## Task instructions
Leaving pictures out, repeat word for word the line that has "東洋彫刻 黒曜石 眠獣彫 青海波文 印材 2点" and each line that follows it to the end of the listing.

## Data excerpt
--------------------------------------------------

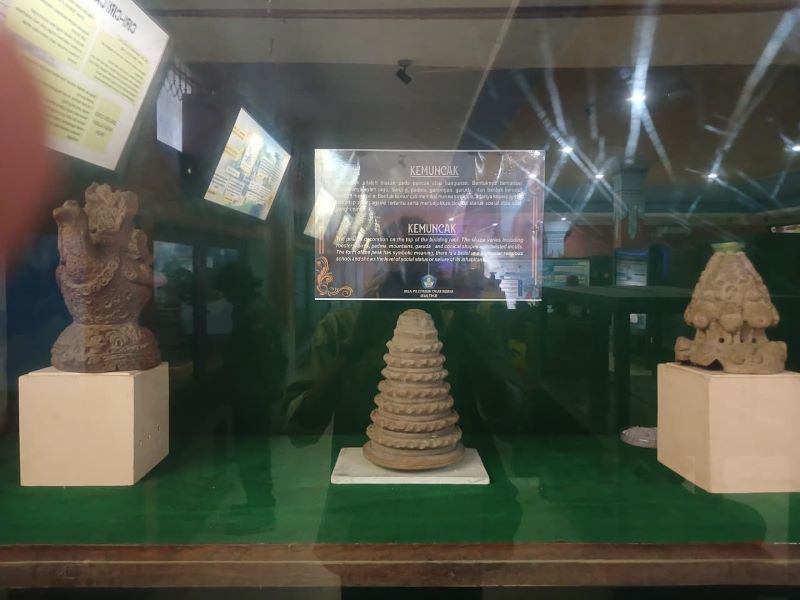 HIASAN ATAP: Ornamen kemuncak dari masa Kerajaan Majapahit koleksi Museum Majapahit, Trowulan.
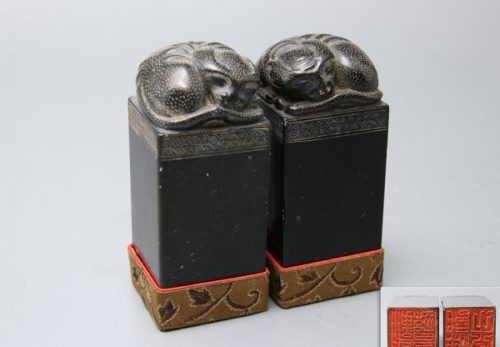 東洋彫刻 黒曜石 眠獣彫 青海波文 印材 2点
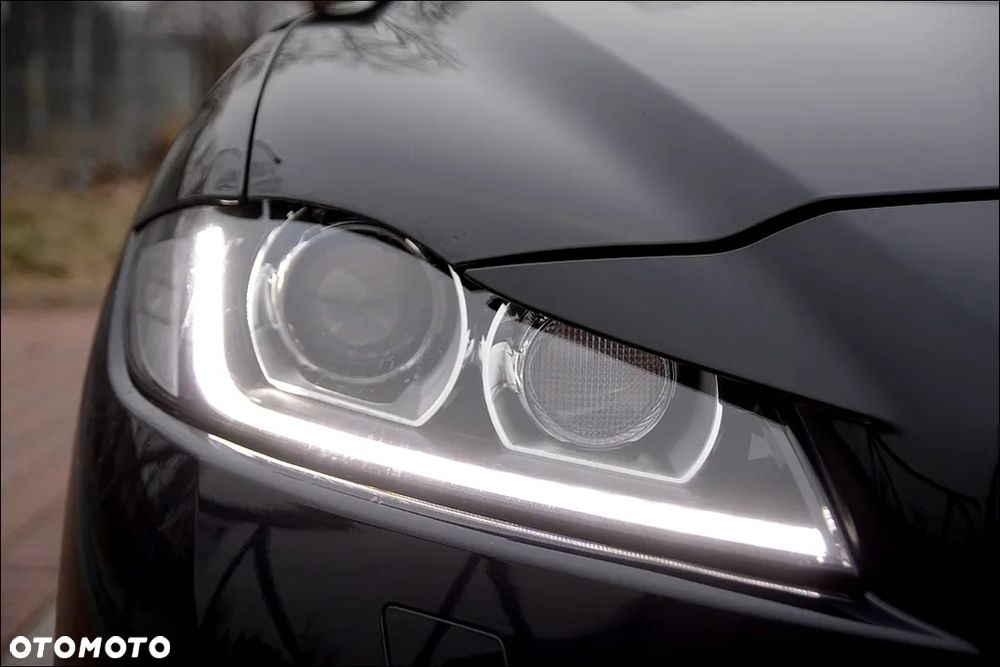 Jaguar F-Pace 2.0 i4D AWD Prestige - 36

--------------------------------------------------

## Solved exercise
 東洋彫刻 黒曜石 眠獣彫 青海波文 印材 2点
 Jaguar F-Pace 2.0 i4D AWD Prestige - 36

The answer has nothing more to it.